Estão todos se colando no grande transatlântico da democracia.
DCM: A senhora acredita que teve uma atitude diferente de Ciro Gomes?
MS: Cada liderança política age de acordo com suas convicções, de acordo com suas trajetórias e seus legados. Foi muito importante o PDT ter tomado a decisão de imediato no segundo turno, também em cima de um conjunto de propostas, como fez a Simone Tebet, de apoiar a candidatura do ex-presidente Lula.
O ex-ministro Ciro Gomes deu uma declaração afirmando que seguia essa diretriz, a posição do partido. Isso já é muito relevante. Porque é uma campanha que estamos precisando do apoio de todos os democratas, de todos aqueles que têm compromisso com o futuro desse país. De todos aqueles que respeitam as mulheres, que respeitam as nossas crianças, que respeitam o povo preto massacrado nas periferias, nas comunidades onde Bolsonaro não tem qualquer compromisso.
Precisamos do apoio de todos aqueles que têm compromisso com um novo ciclo de prosperidade, de desenvolvimento econômico, gerando empregos, conseguindo seus investimentos, também combatendo a desigualdade e fortalecendo a democracia com sustentabilidade.
DCM: Encerrada as eleições de 2022, como a senhora pretende implementar a pauta de meio ambiente? Pretende ter uma atuação no governo para além da Câmara?
MS: É claro que quando você faz parte de um movimento político dessa magnitude, todos temos a expectativa de contribuir. E essa ajuda eu já estou dando, quando apresentei a plataforma, com conjuntos de propostas, eixo estratégico, diretrizes programáticas como, por exemplo, a de que a política ambiental será transversal.
A contribuição de que iremos fortalecer o sistema nacional de meio ambiente, o Ibama, o ICMBio, o Inpe, recompondo o orçamento desse sistema. A contribuição da política ambiental com controle e participação da sociedade brasileira. Vamos investir em desenvolvimento sustentável. Na parte da agricultura, bioeconomia, da reindustrialização de acordo com os objetivos da sustentabilidade. Já me sinto contribuindo com um novo governo.
Evidente que o maior esforço agora é de ganhar a eleição. E ganhar com uma margem ampliada para cima do Bolsonaro. Tem que ficar claro para a sociedade brasileira de que vencemos o Jair Bolsonaro duas vezes.

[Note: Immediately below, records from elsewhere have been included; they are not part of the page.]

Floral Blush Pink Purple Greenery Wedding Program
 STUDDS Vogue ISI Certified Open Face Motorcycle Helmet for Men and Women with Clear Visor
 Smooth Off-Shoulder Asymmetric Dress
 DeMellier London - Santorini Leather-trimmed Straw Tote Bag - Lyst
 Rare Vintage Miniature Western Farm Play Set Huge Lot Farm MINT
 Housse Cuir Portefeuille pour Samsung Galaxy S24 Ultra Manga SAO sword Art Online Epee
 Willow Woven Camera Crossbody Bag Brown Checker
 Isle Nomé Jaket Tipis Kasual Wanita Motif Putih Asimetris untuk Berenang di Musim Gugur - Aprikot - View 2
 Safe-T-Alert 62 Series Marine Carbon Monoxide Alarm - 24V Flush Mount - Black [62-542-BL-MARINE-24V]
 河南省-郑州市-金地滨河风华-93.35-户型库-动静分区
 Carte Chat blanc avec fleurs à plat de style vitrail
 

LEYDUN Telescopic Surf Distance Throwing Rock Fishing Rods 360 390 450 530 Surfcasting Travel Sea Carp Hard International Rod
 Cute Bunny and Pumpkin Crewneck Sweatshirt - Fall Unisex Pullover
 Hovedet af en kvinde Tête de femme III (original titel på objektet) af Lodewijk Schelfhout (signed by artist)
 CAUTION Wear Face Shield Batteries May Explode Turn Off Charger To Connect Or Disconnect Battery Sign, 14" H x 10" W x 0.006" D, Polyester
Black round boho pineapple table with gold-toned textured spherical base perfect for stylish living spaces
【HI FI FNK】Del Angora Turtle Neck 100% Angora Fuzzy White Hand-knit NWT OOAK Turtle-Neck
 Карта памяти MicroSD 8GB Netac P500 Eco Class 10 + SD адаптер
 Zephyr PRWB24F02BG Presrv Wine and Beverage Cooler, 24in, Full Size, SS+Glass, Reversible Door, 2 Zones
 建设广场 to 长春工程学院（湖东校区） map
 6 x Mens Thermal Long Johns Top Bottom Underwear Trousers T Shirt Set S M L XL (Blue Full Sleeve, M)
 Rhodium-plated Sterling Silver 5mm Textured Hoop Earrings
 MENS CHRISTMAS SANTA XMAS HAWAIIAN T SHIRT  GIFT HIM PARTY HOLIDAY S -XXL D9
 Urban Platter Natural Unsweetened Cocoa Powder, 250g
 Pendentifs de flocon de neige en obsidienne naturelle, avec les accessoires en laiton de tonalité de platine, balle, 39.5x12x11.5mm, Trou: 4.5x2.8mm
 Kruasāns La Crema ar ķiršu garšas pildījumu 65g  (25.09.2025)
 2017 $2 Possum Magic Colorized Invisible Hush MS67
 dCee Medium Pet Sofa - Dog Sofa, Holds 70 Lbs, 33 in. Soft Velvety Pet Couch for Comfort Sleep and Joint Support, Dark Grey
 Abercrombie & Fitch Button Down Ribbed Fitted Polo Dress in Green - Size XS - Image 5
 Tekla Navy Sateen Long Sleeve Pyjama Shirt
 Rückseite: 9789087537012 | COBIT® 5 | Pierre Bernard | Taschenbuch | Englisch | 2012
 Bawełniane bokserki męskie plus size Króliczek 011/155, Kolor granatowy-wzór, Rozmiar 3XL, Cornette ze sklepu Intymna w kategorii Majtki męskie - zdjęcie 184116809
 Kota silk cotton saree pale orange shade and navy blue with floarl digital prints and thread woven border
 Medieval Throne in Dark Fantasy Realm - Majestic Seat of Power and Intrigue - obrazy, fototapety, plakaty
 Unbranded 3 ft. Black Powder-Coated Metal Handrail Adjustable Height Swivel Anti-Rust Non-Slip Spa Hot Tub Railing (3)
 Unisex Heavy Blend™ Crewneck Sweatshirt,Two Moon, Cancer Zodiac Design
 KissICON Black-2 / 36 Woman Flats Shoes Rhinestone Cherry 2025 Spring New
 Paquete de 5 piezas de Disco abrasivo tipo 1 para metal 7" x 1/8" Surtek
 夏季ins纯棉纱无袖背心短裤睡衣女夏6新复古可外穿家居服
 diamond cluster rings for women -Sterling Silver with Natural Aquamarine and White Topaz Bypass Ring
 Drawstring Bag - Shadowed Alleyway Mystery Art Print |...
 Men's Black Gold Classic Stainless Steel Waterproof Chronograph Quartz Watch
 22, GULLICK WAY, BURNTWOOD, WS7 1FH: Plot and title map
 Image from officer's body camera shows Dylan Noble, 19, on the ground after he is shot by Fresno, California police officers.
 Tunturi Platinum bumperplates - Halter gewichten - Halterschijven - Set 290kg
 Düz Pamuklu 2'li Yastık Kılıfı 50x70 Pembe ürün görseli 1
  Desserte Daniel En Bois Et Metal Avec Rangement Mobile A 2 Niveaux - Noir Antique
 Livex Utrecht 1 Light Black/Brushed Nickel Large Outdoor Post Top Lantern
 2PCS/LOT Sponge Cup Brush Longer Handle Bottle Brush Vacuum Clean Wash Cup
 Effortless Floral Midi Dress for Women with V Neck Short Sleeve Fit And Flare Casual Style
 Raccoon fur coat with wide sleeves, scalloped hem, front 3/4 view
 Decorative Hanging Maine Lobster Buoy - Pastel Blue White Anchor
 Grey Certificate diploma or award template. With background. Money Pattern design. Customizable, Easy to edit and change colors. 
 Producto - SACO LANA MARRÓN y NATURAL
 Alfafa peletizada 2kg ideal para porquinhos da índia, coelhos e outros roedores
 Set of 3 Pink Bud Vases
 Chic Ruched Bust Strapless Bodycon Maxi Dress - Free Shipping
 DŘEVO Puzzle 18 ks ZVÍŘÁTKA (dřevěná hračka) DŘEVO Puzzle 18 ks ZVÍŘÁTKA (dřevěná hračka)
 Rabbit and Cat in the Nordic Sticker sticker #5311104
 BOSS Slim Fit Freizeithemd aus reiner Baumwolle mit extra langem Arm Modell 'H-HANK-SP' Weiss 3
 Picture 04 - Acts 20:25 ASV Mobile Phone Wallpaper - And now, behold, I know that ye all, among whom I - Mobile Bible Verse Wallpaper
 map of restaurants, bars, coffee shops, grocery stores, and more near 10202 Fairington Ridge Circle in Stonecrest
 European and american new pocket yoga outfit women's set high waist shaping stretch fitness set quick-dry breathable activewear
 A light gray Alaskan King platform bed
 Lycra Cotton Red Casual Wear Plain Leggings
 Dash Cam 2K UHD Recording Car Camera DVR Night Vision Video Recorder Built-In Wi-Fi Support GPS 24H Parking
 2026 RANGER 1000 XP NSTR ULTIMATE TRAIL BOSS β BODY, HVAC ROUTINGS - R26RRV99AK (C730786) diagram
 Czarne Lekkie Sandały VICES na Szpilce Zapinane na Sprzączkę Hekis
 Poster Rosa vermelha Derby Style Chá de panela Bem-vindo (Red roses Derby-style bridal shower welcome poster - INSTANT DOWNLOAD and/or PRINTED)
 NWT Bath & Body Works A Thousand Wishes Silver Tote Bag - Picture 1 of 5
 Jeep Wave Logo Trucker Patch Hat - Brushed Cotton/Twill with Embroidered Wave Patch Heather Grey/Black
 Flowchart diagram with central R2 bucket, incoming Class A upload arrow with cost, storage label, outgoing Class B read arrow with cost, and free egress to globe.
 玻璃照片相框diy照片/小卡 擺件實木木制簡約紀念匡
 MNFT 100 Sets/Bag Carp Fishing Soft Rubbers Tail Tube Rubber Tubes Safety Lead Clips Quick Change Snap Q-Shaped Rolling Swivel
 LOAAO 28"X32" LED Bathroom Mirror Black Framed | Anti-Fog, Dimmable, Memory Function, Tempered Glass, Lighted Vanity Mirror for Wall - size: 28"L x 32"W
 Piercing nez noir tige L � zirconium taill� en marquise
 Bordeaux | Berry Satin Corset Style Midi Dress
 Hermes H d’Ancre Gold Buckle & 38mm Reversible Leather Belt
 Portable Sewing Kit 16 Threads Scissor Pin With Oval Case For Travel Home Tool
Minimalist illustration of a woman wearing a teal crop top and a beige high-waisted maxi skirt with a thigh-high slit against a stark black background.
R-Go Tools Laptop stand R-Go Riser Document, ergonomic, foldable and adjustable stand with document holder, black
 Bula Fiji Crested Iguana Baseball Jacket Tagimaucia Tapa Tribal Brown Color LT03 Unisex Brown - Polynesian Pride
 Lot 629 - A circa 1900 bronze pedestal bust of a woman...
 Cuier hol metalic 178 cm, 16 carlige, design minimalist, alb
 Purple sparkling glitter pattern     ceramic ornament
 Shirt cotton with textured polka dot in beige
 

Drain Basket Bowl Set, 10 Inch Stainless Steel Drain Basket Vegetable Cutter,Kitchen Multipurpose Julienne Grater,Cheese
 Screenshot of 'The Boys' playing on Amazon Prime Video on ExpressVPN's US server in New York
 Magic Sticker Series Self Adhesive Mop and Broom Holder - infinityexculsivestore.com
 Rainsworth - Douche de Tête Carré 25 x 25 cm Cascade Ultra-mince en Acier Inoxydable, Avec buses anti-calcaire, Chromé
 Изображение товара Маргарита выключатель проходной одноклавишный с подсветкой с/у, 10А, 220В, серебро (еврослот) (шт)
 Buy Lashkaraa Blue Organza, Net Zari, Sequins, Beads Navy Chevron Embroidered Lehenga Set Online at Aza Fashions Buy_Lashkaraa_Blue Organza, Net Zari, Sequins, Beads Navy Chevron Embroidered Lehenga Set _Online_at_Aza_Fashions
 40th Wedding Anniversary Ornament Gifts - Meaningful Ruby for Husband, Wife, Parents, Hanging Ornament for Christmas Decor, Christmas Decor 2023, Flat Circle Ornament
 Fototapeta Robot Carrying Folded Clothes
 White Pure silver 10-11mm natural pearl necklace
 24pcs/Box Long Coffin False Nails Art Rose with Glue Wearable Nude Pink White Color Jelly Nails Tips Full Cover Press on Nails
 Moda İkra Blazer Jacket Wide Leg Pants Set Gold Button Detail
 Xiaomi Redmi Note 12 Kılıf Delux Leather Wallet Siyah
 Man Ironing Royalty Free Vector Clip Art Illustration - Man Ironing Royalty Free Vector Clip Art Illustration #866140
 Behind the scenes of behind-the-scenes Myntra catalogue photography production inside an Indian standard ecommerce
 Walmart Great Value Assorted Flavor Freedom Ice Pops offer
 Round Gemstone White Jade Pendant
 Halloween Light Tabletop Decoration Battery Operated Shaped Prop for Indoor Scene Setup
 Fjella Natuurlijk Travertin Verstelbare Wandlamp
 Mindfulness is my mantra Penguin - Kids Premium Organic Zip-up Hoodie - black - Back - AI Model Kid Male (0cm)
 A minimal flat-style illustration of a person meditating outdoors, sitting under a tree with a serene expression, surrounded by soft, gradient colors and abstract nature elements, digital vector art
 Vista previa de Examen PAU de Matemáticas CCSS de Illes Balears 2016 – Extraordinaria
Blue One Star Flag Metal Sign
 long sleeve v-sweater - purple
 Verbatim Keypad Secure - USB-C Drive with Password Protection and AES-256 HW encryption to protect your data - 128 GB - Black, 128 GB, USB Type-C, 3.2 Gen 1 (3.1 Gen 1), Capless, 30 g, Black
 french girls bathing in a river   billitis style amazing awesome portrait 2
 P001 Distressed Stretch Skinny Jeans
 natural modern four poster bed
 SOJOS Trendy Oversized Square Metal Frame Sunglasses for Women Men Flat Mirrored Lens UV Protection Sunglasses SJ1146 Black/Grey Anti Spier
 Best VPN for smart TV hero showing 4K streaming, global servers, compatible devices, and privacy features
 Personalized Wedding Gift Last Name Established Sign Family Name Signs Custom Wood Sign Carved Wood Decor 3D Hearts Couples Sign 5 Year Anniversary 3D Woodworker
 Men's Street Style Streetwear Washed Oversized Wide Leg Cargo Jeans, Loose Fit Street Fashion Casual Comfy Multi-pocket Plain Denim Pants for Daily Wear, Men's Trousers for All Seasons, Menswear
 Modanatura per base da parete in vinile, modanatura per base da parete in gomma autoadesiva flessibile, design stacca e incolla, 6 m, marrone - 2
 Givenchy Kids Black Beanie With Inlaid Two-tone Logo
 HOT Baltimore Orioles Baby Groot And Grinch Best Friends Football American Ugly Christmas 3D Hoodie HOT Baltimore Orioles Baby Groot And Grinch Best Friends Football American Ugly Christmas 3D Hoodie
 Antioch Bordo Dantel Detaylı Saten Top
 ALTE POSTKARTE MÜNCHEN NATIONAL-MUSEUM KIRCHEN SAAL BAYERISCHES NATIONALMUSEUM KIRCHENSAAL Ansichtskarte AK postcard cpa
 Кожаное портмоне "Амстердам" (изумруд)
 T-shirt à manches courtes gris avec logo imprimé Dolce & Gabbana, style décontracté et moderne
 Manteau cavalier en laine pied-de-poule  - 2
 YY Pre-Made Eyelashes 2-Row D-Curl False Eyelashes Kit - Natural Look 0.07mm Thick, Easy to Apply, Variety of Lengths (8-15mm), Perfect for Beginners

No primeiro e no segundo turno. Tem que ficar claro que o povo elegeu Lula e a democracia duas vezes.
Quero insistir que todos os democratas, todos os empresários que querem ver seus negócios prosperarem num ambiente de estabilidade econômica, social, institucional, todos os que combatem o racismo contra a população preta, os que valorizam políticas públicas que respeitem as mulheres, os que querem ver o meio ambiente protegido para assegurar o futuro para a nossa juventude, tem que se ligar no movimento de defesa da democracia.
Quem representa esse movimento é o ex-presidente Lula.
Que todos se mantenham mobilizados. Conversando. Virando voto. Tenho brincado que me encontro em estado permanente de campanha. Cada um poderá fazer esse decreto. Até o último momento, quando as urnas forem fechadas, nós estaremos dando a nossa maior contribuição ao futuro do Brasil.
E a forma de fazer isso é não permitindo que Bolsonaro ganhe mais quatro anos para ser indiferente com a saúde, que foi o momento que mais precisamos e foi o momento que ele foi indiferente.
Bolsonaro tem uma postura de desrespeito com as mulheres. Que a gente possa, nesse movimento, valorizar as mulheres. Inclusive com políticas públicas de creche, transporte coletivo, que assegure uma melhor condição de se trabalhar e de se estudar. Mais respeito com o futuro de nossas crianças e jovens.
É estado permanente de campanha. Elegendo Lula presidente, porque ele é quem reúne as melhores condições para a gente ter uma perspectiva de futuro. Onde todos podem se encontrar para desenvolver os seus projetos com autonomia e liberdade.
Apoiar o Lula não significa concordar 100% com ele. Significa que, na democracia preservada, nós podemos caminhar juntos e fazer coisas muito importantes juntos mesmo discordando entre nós.